The calling is universally defined as the manifestation of God’s excellencies:

“The people that were created to ‘praise the LORD,’ even to show forth and manifest His excellencies in the earth (Ps. 102:18).”

(Warnock, ch. 2)


Glorification: The Many Sons as the Fruit of Christ’s Ascension

Warnock describes the glorification of believers as the goal of Christ’s ascension and the outpouring of the Spirit:

“This time the purpose of God is to bring forth in the earth other sons, like unto His very own Son, and bring them back unto the heart of the Father in yet a greater fulness!”

(Warnock, ch. 5)

Christ’s obedience as the model for the believer:

“We, too, must learn obedience by the things which we suffer. We too must walk in the pathway of obedience as a servant, obedience unto death, obedience that leads us eventually into complete identification with His very own Cross.”

(Warnock, ch. 5)


Freedom through the Son (not through Free Will)

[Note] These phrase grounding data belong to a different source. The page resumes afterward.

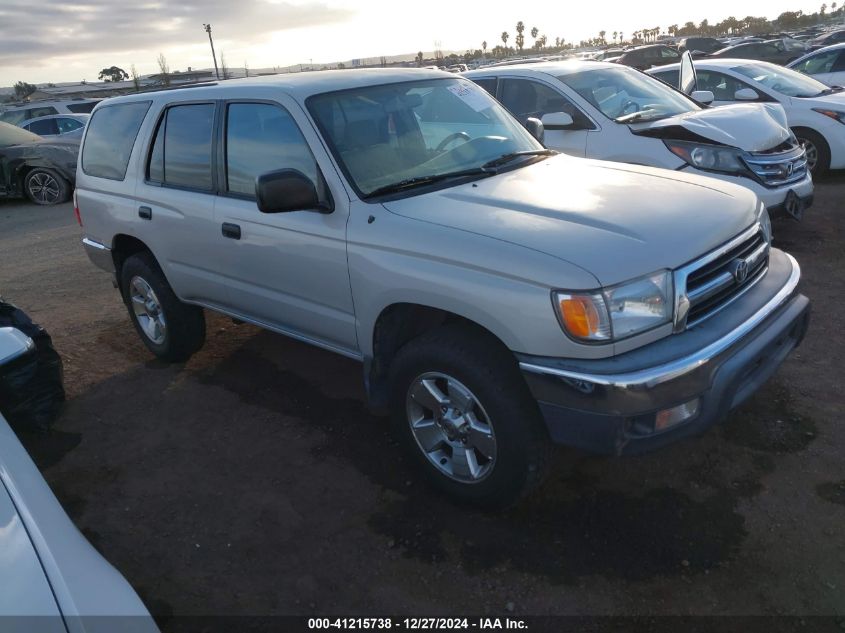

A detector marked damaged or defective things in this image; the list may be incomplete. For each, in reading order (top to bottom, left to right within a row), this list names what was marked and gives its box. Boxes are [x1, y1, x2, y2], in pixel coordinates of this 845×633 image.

damaged car [0, 121, 79, 205]
damaged car [468, 56, 812, 220] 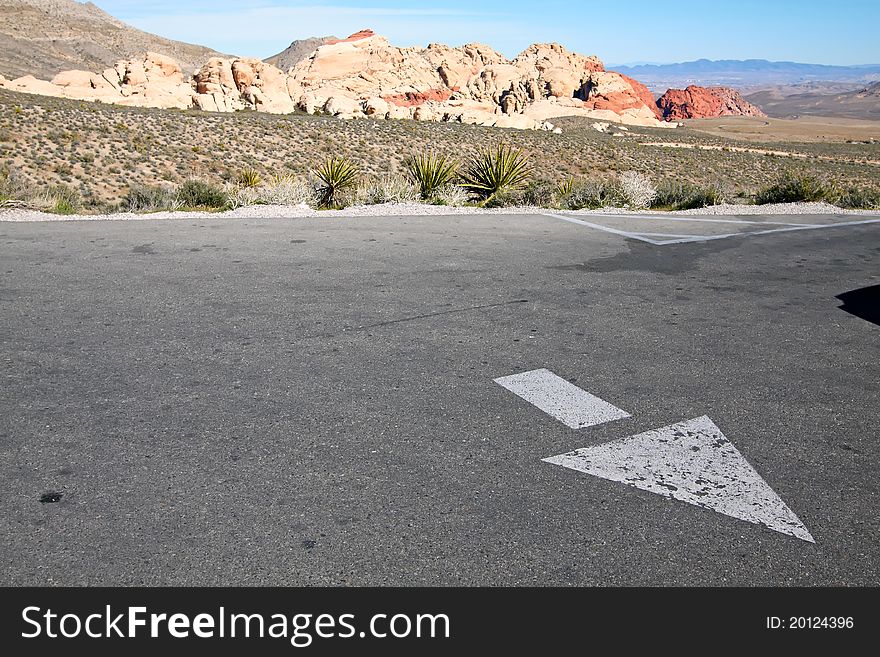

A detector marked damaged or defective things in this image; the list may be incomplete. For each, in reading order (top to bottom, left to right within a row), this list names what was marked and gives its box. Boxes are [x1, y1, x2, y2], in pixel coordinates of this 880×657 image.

cracked asphalt [0, 211, 876, 584] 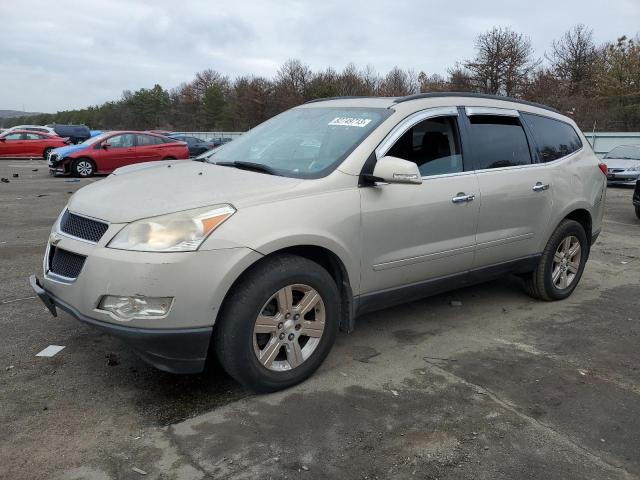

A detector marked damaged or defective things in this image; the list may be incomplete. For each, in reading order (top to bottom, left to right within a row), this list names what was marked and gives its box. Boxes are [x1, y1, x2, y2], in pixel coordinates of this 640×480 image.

cracked asphalt [0, 159, 636, 478] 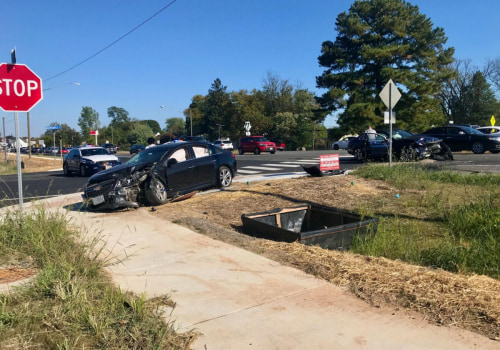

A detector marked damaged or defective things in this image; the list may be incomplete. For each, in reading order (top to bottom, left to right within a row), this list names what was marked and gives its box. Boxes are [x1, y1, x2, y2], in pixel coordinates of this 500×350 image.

damaged black car [82, 142, 238, 211]
damaged black car [348, 129, 454, 162]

Warnock rejects the notion of ‘free will’ as an independent soteriological principle:

“Man is in no sense ‘free’ either as the seed of Adam or as the seed of Abraham. Jesus makes this abundantly clear. Only the Son can make one free, and this is the only true freedom that man can have (John 8:32-36).”

(Warnock, ch. 1)

“True liberty consists of vital union with the Son… in fact, in becoming bound to the Son with bonds of the Spirit which effectually and experimentally liberate one from the former bondage to sin and self.”

(Warnock, ch. 4)

[TENSION with standard Arminianism: Warnock explicitly rejects free will as the basis of freedom; freedom is only possible through the Son, not through autonomous human choice.]